Tony Blair must make the creation of scientists throughout the developing world a priority, says Robert May
A major factor in the Western world's takeover of the New World and Oceania was the viral and bacterial agents they unwittingly brought with them.
This is perhaps one of the earliest, and certainly most dramatic, examples of asymmetric conflict.
In the developed world, the rise of better nutrition and hygiene over the past century has greatly diminished mortality from infectious diseases.
With the advent of antibiotics and vaccination, the West arrived at a state where, in 1967, the US Surgeon General could write: "The time has come to close the book on infectious diseases."
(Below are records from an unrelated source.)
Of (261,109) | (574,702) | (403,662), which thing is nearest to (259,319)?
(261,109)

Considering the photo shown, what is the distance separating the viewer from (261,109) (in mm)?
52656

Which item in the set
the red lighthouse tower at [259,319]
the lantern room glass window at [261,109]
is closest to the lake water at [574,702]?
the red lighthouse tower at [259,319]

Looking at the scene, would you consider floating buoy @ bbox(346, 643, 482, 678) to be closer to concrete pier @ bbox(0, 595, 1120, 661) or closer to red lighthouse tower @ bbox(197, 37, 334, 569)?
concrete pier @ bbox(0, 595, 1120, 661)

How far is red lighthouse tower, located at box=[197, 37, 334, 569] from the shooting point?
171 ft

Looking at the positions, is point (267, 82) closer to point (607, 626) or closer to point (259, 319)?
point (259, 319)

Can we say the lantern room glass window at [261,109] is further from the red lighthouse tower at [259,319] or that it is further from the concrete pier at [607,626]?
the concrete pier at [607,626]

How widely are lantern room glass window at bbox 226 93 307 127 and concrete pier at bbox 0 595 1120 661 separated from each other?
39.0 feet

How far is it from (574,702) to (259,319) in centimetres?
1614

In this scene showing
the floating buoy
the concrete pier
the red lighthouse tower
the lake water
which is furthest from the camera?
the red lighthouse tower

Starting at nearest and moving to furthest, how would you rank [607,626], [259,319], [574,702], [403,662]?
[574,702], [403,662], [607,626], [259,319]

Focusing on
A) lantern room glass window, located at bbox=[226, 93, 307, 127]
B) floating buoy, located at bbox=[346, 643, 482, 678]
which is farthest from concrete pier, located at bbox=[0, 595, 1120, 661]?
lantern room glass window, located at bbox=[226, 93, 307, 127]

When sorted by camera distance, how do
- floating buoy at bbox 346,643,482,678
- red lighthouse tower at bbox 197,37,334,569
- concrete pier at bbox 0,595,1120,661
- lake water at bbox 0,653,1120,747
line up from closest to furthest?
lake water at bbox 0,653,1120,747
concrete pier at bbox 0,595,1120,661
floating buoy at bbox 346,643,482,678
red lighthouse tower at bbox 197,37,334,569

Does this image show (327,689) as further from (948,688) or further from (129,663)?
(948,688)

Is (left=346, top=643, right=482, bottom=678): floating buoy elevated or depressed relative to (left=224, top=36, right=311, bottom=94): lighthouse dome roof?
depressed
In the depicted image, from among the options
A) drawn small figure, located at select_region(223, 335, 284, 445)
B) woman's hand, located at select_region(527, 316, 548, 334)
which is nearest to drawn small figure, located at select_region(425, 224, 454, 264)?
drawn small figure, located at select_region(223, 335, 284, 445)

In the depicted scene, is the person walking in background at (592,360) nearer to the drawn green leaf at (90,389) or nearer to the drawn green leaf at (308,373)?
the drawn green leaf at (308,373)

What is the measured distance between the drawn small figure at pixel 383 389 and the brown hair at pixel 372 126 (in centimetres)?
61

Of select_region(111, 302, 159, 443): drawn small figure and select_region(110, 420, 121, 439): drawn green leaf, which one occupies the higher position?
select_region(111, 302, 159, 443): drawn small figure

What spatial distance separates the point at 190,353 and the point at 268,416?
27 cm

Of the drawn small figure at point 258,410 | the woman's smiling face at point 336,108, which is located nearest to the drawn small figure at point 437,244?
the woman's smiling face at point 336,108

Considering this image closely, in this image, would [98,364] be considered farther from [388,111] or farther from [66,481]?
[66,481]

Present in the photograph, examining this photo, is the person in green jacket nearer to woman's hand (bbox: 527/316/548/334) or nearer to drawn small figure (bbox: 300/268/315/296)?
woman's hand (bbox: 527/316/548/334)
Today, that statement looks like a strong contender for the most stupid prediction ever (and even in its own time it was an astounding piece of American exceptionalism, utterly disregarding the developing world).
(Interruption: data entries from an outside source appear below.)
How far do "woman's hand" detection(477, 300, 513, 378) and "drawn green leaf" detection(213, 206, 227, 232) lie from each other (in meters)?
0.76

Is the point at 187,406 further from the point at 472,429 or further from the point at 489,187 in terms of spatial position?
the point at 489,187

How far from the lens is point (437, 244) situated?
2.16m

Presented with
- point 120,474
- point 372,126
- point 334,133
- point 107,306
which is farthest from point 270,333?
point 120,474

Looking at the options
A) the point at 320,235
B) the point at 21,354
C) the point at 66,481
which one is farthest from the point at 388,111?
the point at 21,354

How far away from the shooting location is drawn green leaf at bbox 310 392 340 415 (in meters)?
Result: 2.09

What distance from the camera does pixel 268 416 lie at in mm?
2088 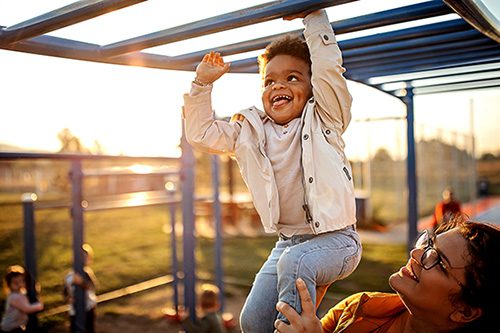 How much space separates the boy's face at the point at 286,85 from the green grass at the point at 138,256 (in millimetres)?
5643

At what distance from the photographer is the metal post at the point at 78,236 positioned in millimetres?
4262

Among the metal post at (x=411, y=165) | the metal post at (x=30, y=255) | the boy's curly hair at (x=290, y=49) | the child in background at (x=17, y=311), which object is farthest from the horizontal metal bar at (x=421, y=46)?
the child in background at (x=17, y=311)

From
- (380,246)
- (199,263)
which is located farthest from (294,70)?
(380,246)

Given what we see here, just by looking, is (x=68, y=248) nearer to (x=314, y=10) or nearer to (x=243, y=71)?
(x=243, y=71)

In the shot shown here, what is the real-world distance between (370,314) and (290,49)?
898mm

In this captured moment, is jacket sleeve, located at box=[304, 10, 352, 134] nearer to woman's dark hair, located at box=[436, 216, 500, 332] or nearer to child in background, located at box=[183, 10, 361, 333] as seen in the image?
child in background, located at box=[183, 10, 361, 333]

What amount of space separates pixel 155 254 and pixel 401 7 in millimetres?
10563

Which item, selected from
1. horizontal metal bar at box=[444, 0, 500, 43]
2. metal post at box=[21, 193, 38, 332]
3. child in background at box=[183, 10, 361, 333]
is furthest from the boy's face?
metal post at box=[21, 193, 38, 332]

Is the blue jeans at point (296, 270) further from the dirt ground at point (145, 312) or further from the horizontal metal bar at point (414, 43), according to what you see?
the dirt ground at point (145, 312)

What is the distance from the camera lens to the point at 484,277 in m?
1.41

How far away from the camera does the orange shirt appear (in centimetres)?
165

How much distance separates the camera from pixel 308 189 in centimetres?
156

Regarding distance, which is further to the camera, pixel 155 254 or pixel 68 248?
pixel 68 248

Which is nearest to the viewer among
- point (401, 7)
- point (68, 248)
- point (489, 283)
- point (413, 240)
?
point (489, 283) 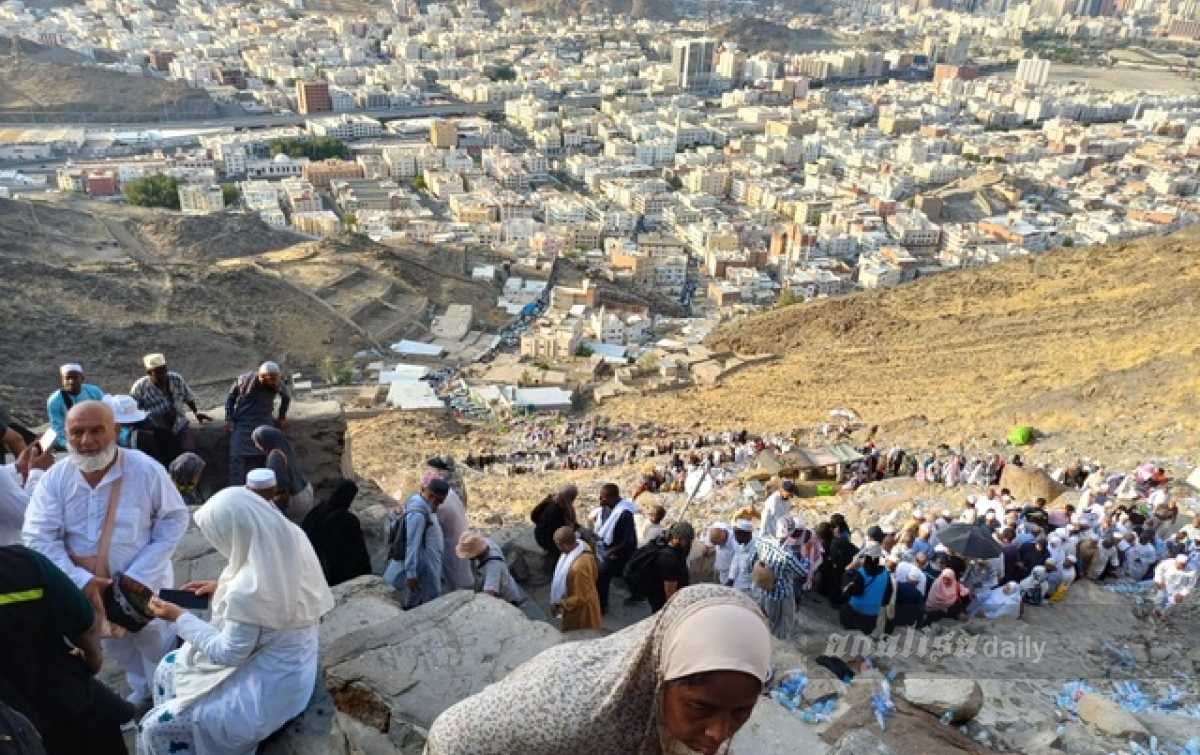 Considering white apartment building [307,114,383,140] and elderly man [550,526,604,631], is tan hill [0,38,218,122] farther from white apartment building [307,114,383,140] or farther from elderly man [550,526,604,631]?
elderly man [550,526,604,631]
HIV/Aids changed all that. Roughly 2.9 million died of Aids last year. We were lucky with severe acute respiratory syndrome, which turned out not to be as "spreadable" as the influenza virus. Next time we may not be so lucky.
The response of the biomedical community is encouraging. The dark side, however, deserves a look. Sometime in 2005, in a city - maybe London, maybe Lagos - a child will be born who will tip the scales so that more people live in urban than in rural areas.
All the net increase in the world's population will be added in cities, mostly in slums, ideal breeding grounds for new and old infections. Some of these infections will likely come from close contact with domestic or commensal animals, or from handling or eating novel exotics.
The bushmeat trade was traditionally small and local; today, it grows apace, globalised to supply, for example, specialised restaurants in southern China with produce from the forests of Laos, Vietnam and Thailand.
It is fashionable to worry about new diseases in the context of terrorism. My view is that the bushmeat trade, in a general sense, is a greater danger. The molecular evidence makes it clear that this is how we acquired HIV-1 (from chimpanzees) and HIV-2 (from macaques). Here is an issue uniting public health with conserving biological diversity, and it deserves more attention from the international scientific community than it is getting.
Combating HIV/Aids, malaria and other diseases is just one of the United Nation's catalogue of Millennium Development Goals, along with eradicating extreme poverty and hunger, achieving universal primary education, promoting gender equality, reducing child mortality, improving maternal health, ensuring environmental sustainability and developing a global partnership for development.
Each relies on current and future science (including the social sciences) for its solution.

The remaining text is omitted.